11. Só assim se tem uma
visão de conjunto, e não parcial, das exigências do homem, cuja alma imortal se
prepara para, depois da prova, atingir o seu eterno destino. Isto impõe graves
deveres quer ao homem particular, quer à sociedade em que ele vive. Os
interesses deste mundo não devem, com efeito, oprimir a verdade, a justiça, a
eqüidade, nas relações com o próximo. Apagamos a luz dos céus tanto negando a
Deus como suprimindo direta ou indiretamente nosso próprio irmão, ou
desconhecendo os direitos inalienáveis da sua natureza de pessoa livre e da sua
vocação cristã.
12. A expectativa do
concílio ecumênico exige, pois, um mais decidido esforço de justiça individual
e social, um empenho mais generoso de caridade, um dom jubiloso de si mesmo
para o bem comum, a fim de que uma ordem mais eqüitativa nas relações
familiares, sociais e internacionais possa progredir, para vantagem de toda a
humanidade.
13. III. Enfim, promete o
Senhor o dom do alto, o Paráclito Consolador, por ele enviado e pelo Pai:
"Recebereis uma força, a do Espírito Santo, que descerá sobre vós"
(At 1,8).
O grande tema, a grande
força, o nosso único verdadefiro recurso é este: a graça, dizemos, que nos faz
santos, e à qual inúmeras graças eficazes precedem e seguem. Isto, por certo, é
de máxima importância e peso, a saber: que as almas dos homens cristãos, em
realidade e em verdade renascentes, se renovem interiormente.
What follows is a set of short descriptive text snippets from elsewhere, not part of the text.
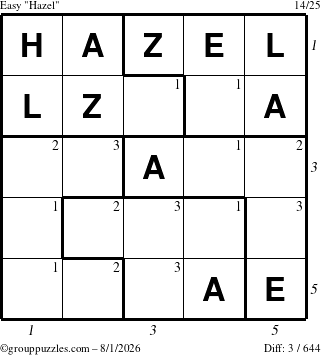 The grouppuzzles.com Easy Hazel puzzle for Saturday August 1, 2026 with all 3 steps marked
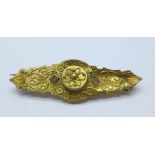 A 9ct gold brooch, a/f, 2.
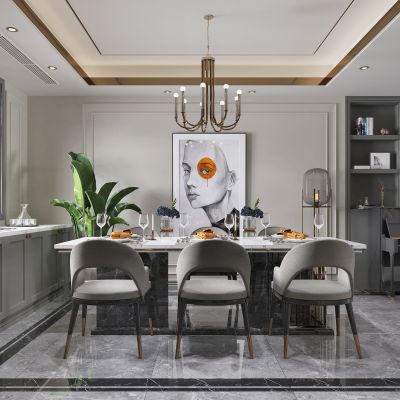 现代轻奢餐厅 餐桌椅 吊灯 装饰画 绿植 钢琴 壁灯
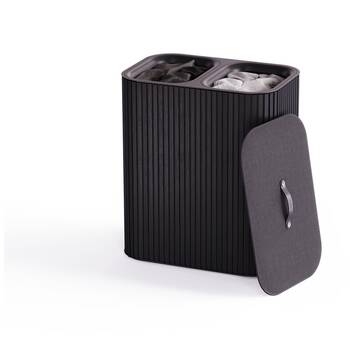 Joseph Joseph 90L Laundry Basket 3 Compartments W/ Drop-In Handles Black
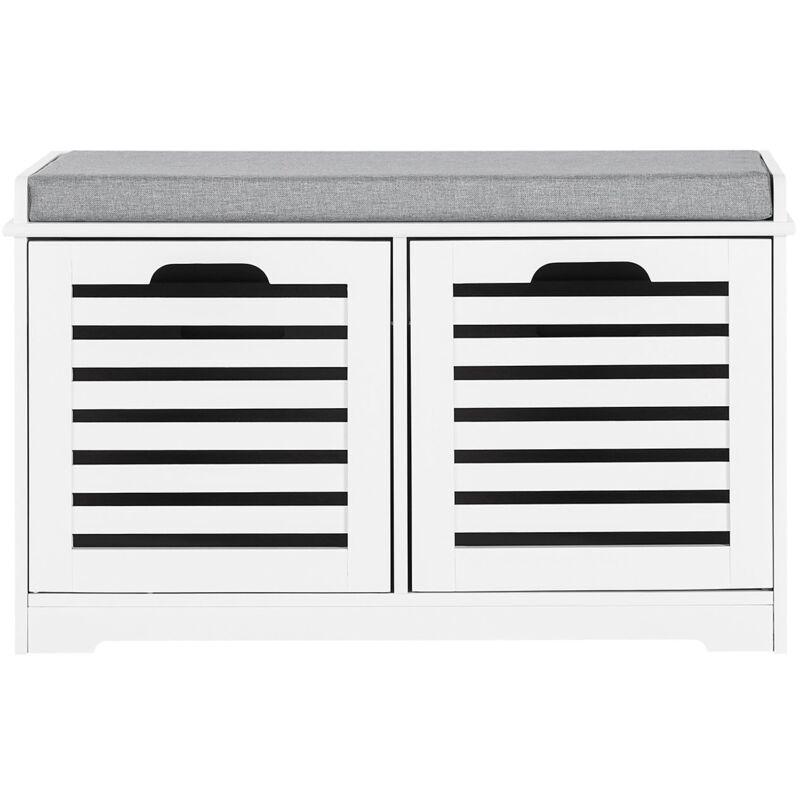 foto del prodotto sobuy scarpiera da ingresso panchina con cuscino e cestini 2 cestini bianco fsr23 k w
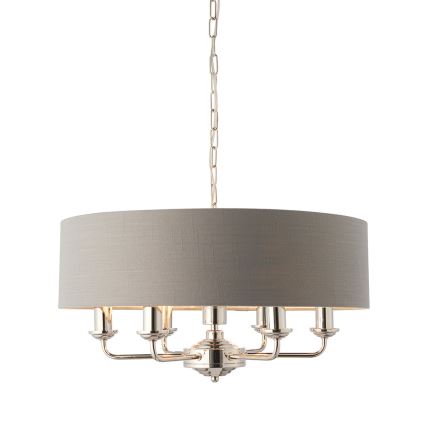 Endon 94373 - Luster na lancu HIGHCLERE 6xE14/40W/230V siva/sjajni hrom, prečnik 35 cm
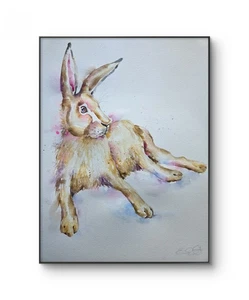 ORIGINAL Aquarell Gemälde eines Hasen, signiert Elle Smith Kunst, Fine Art, Druck - Bild 1 von 10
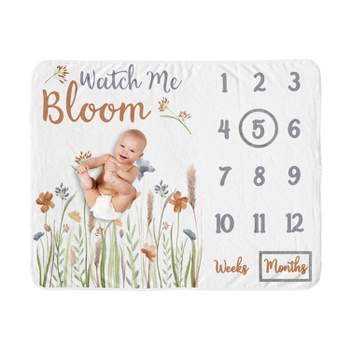Sweet Jojo Designs Girl Baby Milestone Blanket Watercolor Floral Garden Multicolor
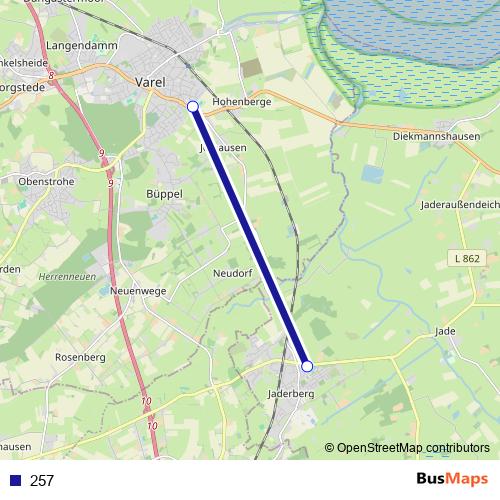 257 bus Line Map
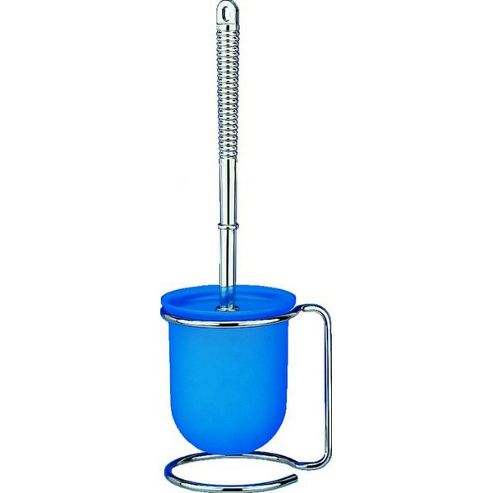 Image of Sanwood Pico Toilet Brush Set In Chrome - Blue
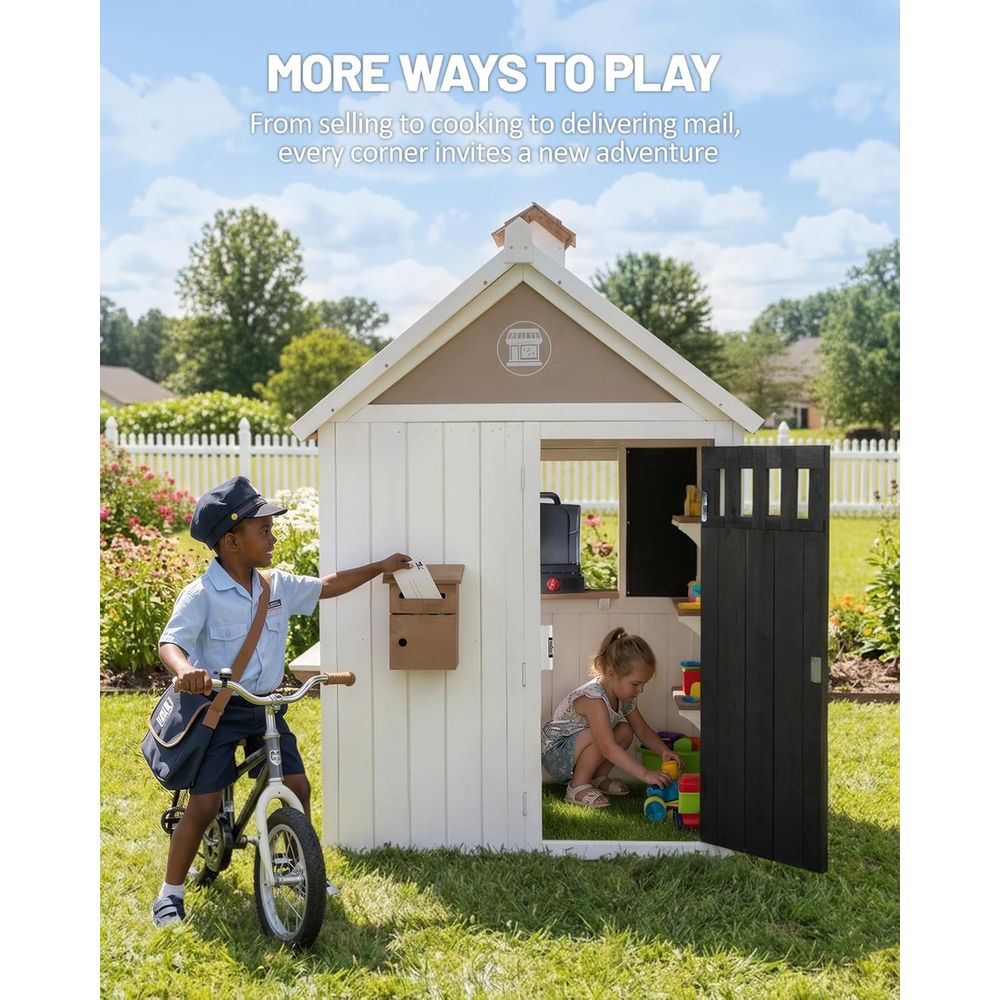 2-in-1 Kids Outdoor Playhouse, - Kids Outdoor Chalkboard avaliação e preço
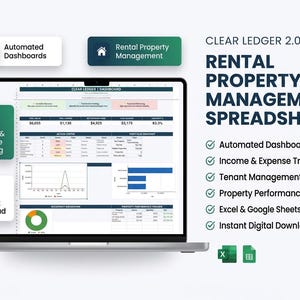 Rental Property Spreadsheet | Landlord Excel Template | Income & Expense Tracker | Property Dashboard
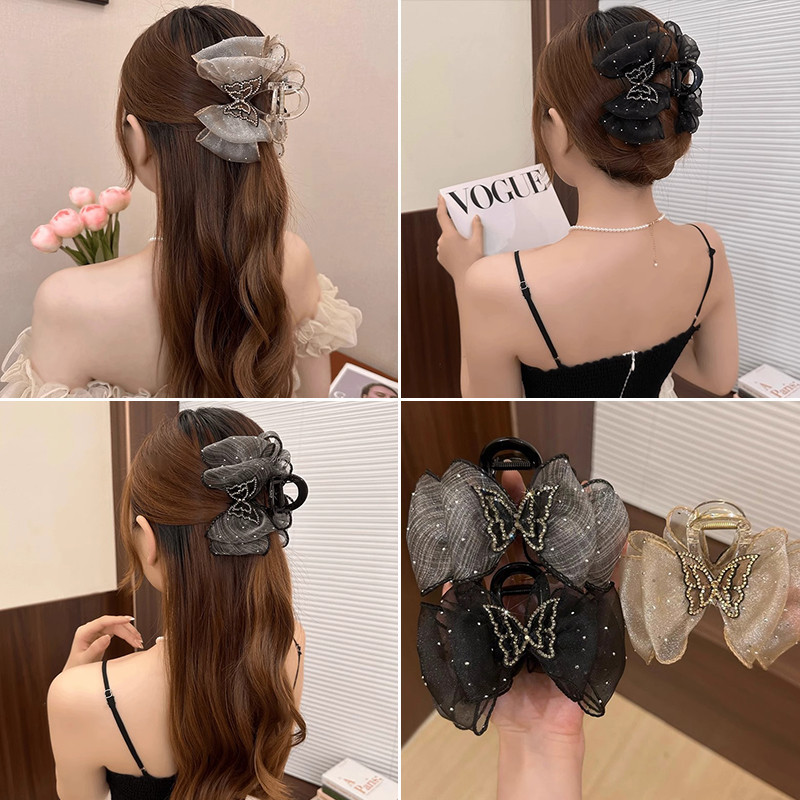 กิ๊บติดผมตาข่ายผีเสื้อเพชรเกาหลีสําหรับผู้หญิงแฟชั่นเครื่องประดับผมกรงเล็บผมหรูหราสําหรับเด็กผู้หญิง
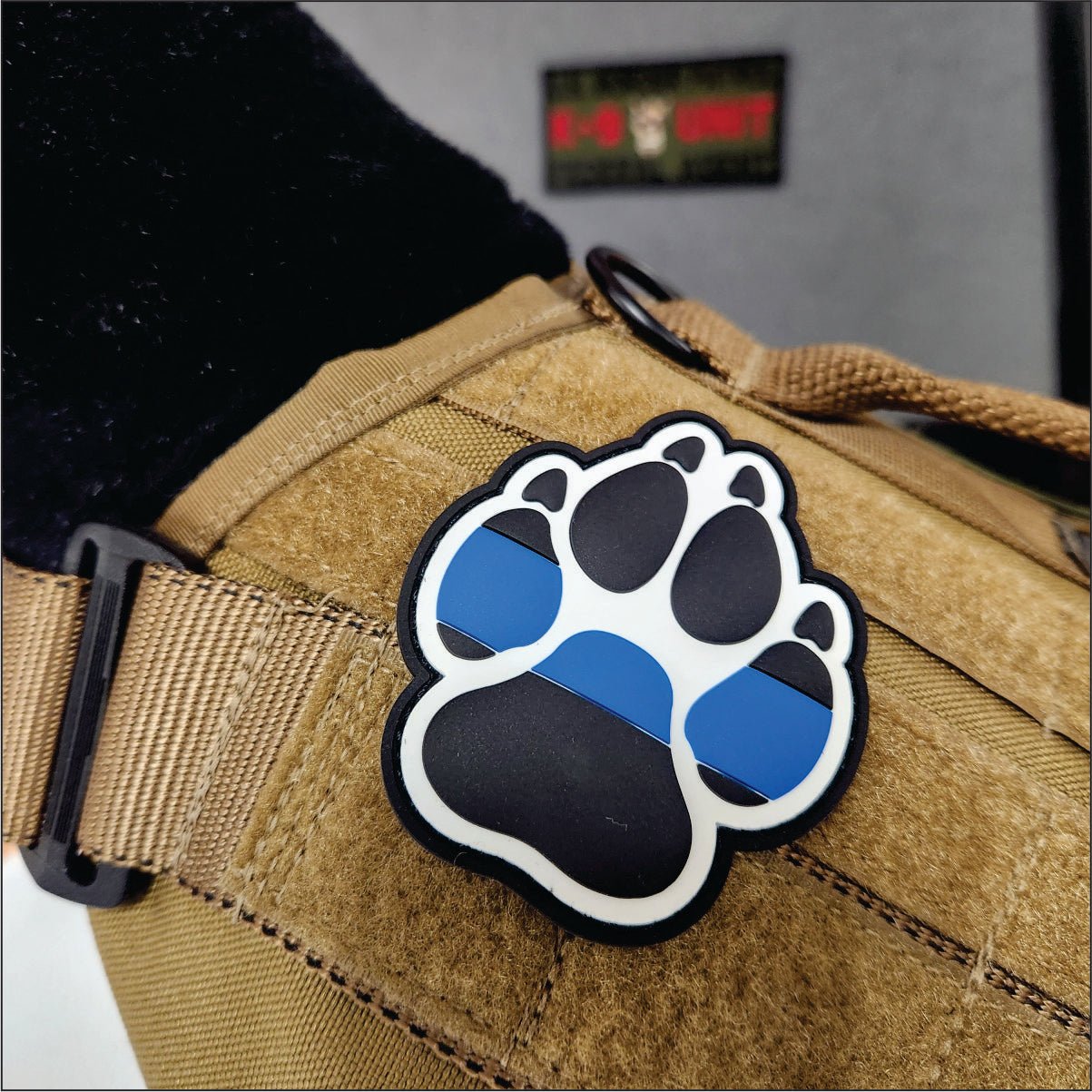 K-9 Thin Blue Line Dog Paw Print - 3 inch PVC Patch - Limited Stock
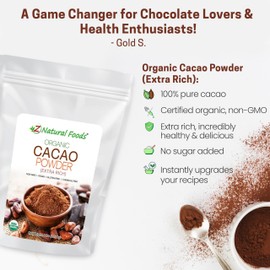 Z Natural Foods Organic Cacao Powder - Unsweetened Nutrient-Dense Superfood for Healthy Aging - Extra-Rich Dark Chocolate Flavor Perfect for Chocolate Recipes, Shakes or Smoothies, 5 lbs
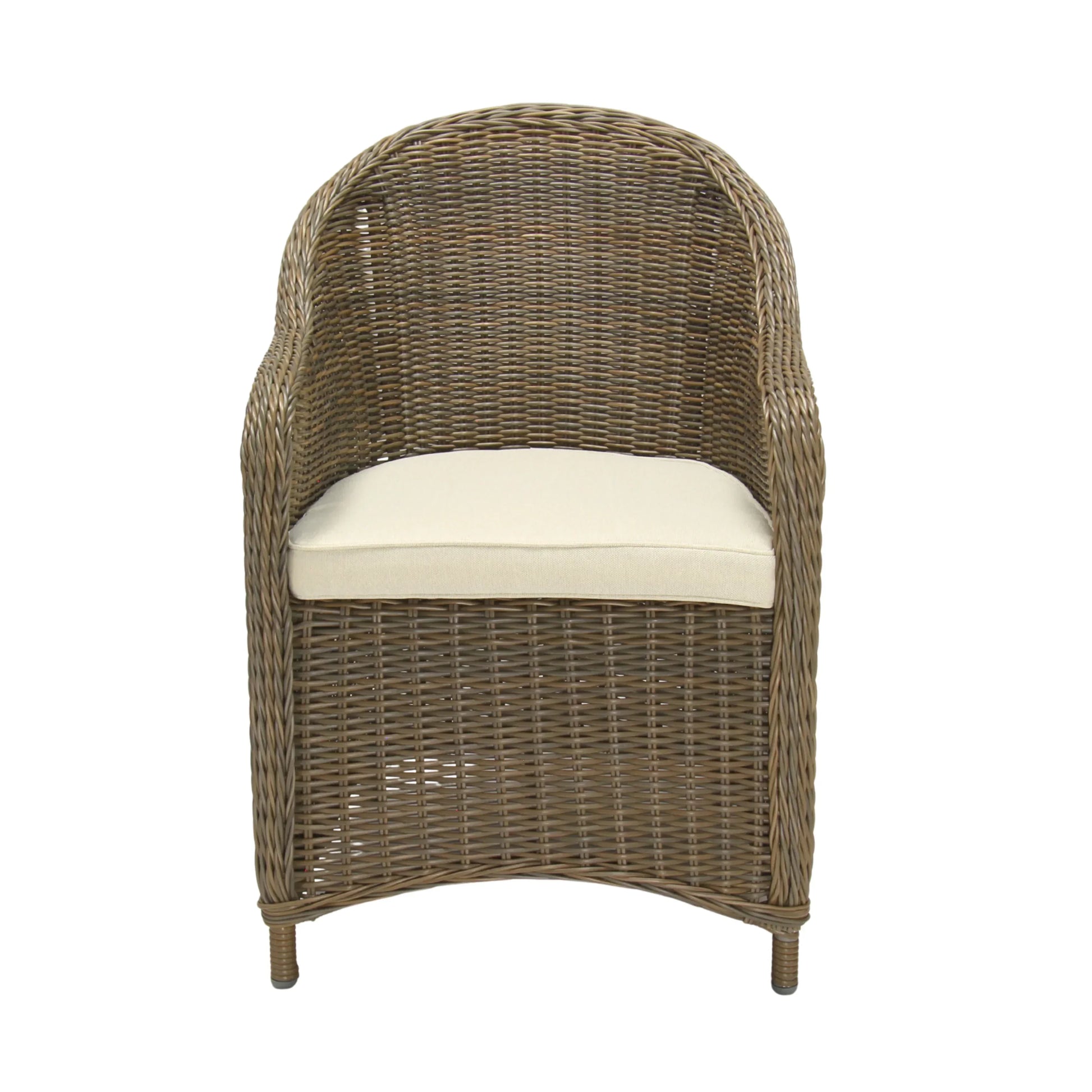 MALAWI | Poly Rattan Wicker Outdoor Dining Chair | Brown Grey - PL18010-DC-NAT-2 - Direct Factory Furniture Australia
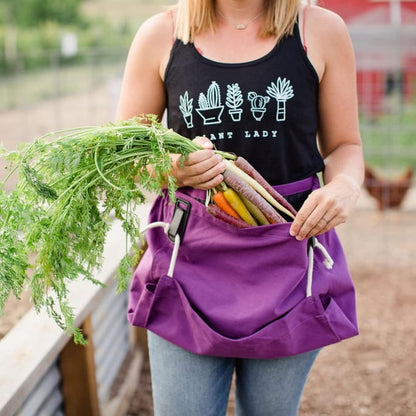 Roo Gardening Apron with Pockets & Harvesting, Picking Pouch - Adjustable, Water-resistant, Washable Canvas Cotton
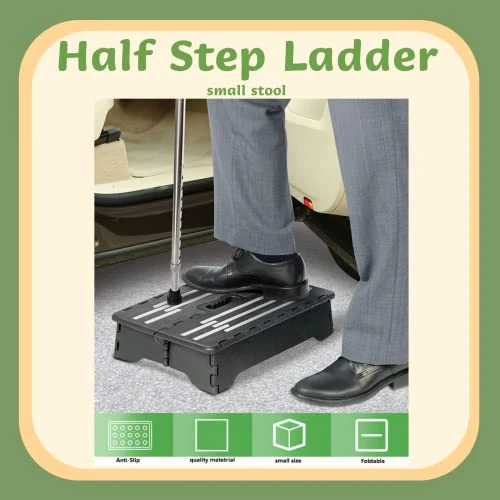 Meisuk Folding Step Stool With Handle, Indoor And Outdoor Folding And Shrinking Freely, 5 Inch Small Portable Folding Step Stool (Black) - Image 2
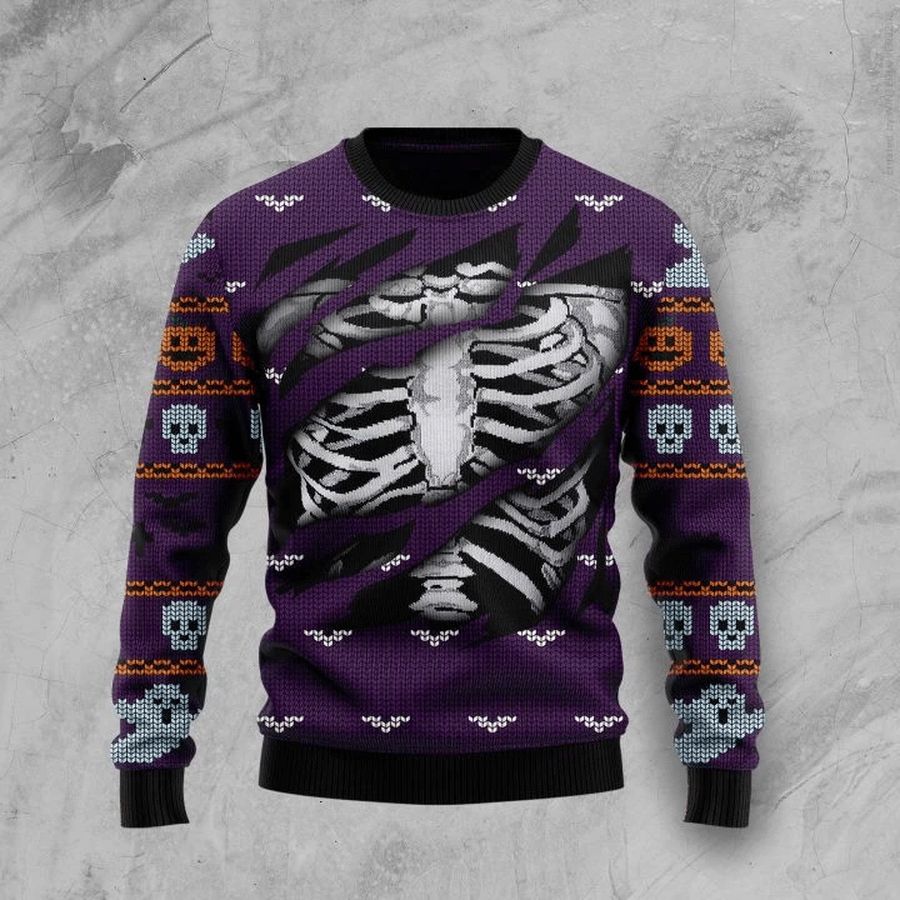 Skeleton Halloween Ugly Christmas Sweater - 1200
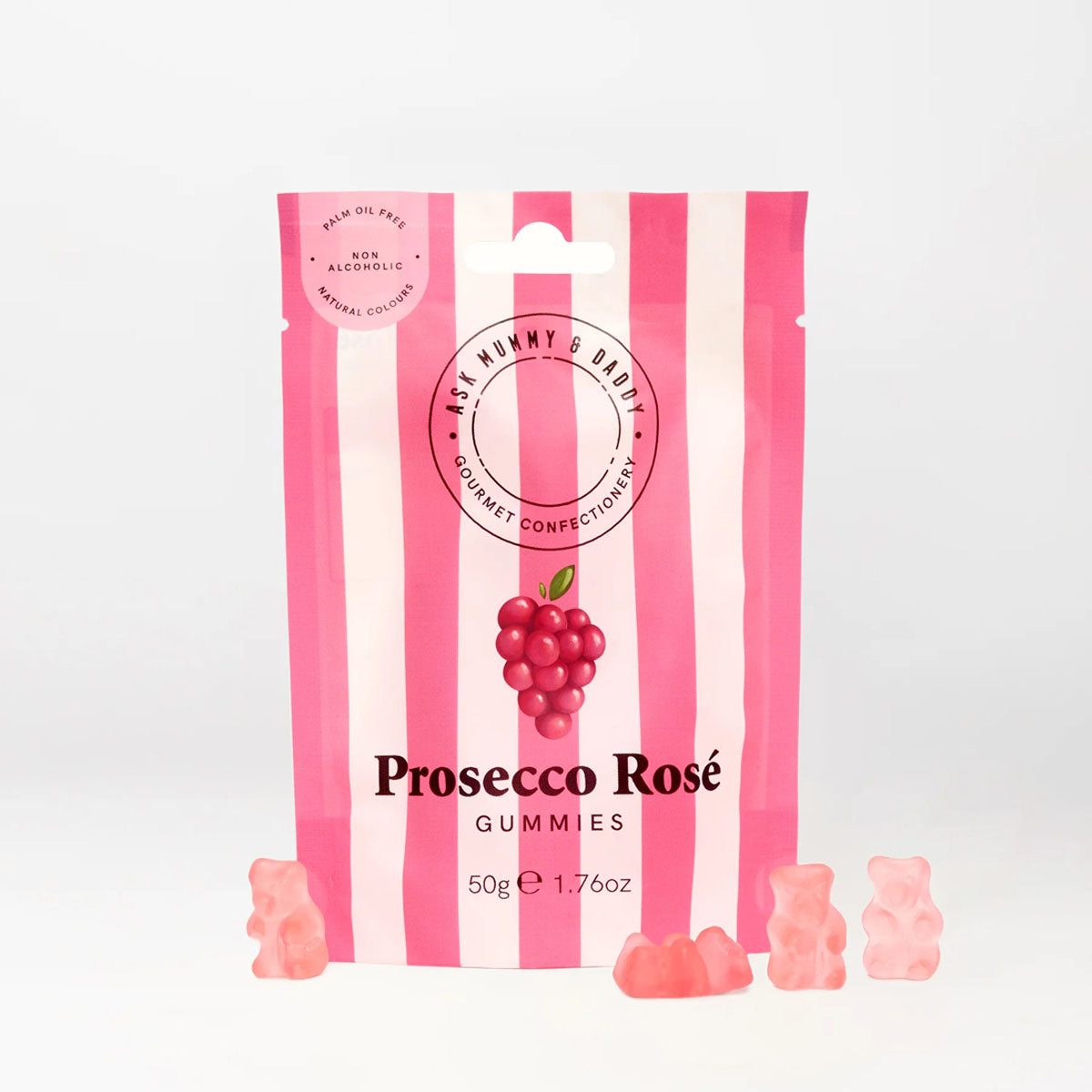Roze zakje Snoep Prosecco Rosé met fruitige beertjes gummies van 50 gram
Porque, se isto
faltar de todo, o concílio ecumênico carecerá dos frutos esperados. Donde
facilmente se compreende quão necessário seja que os fiéis dirijam a Deus
preces mais esforçadas, e pelo uso mais freqüente dos sacramentos permeiem
totalmente seus pensamentos, costumes, enfim sua vida toda, e para os bens
supremos os dirijam e os convertam, de modo que deles imbuam a mente e a
vontade, juízos e propósitos, expressões várias e múltiplas da atividade
humana: profissões, cultura, trabalho manual.
14. É, essa, ainda e
sempre, a visão cristã do mundo, tão bem resumida pelas palavras de nosso
predecessor s. Gregório Magno, como as propusemos aos amados filhos da nossa
diocese de Roma: "aspirar à pátria celeste; dominar os instintos do corpo;
renunciar à glória do mundo; não desejar as coisas dos outros; doar
generosamente do que se tem".(2)
Para este programa de vida
espiritual é necessária a força do Espírito Santo, que infunda nas almas uma
fiel correspondência às inspirações celestes. E, se todos os nossos amados
filhos quiserem distinguir-se nesse empenho ardente, dúvida não nos pode restar
de que o concílio seja verdadeiramente o novo pentecostes, a maravilhosa
floração de graça que o nosso coração pressago espera.
15. Veneráveis irmãos e
amados filhos! O mês de maio oferece ocasião propícia para uma preparação assim
tão séria e intensa. Renovando a união unânime de oração em torno de Maria, Mãe
de Jesus, seja ele passado com particular intensidade de afeto, nas diversas
formas que a piedade popular reveste em cada região. "E o Rosário de
Maria, oh! que belo ramalhete de flores seria sempre, entre todas estas
variações de ternuras e de aflições piedosamente entrelaçadas, meditando e
invocando a cara Mãe celeste!"(3)
16. Mas o bendito rosário
de Maria é a devoção própria dos sacerdotes; e queremos propor-lhes como
exemplo a imitar s. João Maria Vianney, o santo cura d'Ars, que gostamos de
contemplar, comovido, enquanto com singular piedade o rosário se lhe escorre
nas mãos. Possam os sacerdotes tirar deste exemplo estímulo para alcançar uma
santidade digna da sua vocação; vocação que Deus deu para promover a salvação
das almas.
17. Seja, portanto, o
rosário o suspiro sereno dos corações especialmente dos nossos caros
sacerdotes, das almas consagradas a Deus numa vida de castidade perfeita e de
contínua caridade; das boas famílias cristãs, onde a lei de Deus está no centro
de pensamentos e de afetos; junte ele as mãos dos pequeninos, entrelace as dos
que sofrem, valorize as fadigas dos pais no trabalho cotidiano, seja olente
fragrância de requintada piedade, que invoque da Mãe Celeste as graças mais
seletas sobre o próximo concílio.
Na alegre esperança de que
estas nossas palavras inspirem as almas a uma intensidade de meditação e a uma
generosidade de aplicações, a vós, veneráveis irmãos, e a cada um dos
sacerdotes e féis comados às vossas solicitudes pastorais, enviamos a nossa
propiciatória bênção apostólica.
Dado em Roma, junto a S.
Pedro, a 28 de abril de 1962, quarto ano do nosso Pontificado.
JOÃO PP. XXIII
Notas
1. Cf. AAS 54(1962),
p. 222.
2. Cf. AAS 54(1962),
p. 278.
3. Cf. AAS 54(1962), p. 277.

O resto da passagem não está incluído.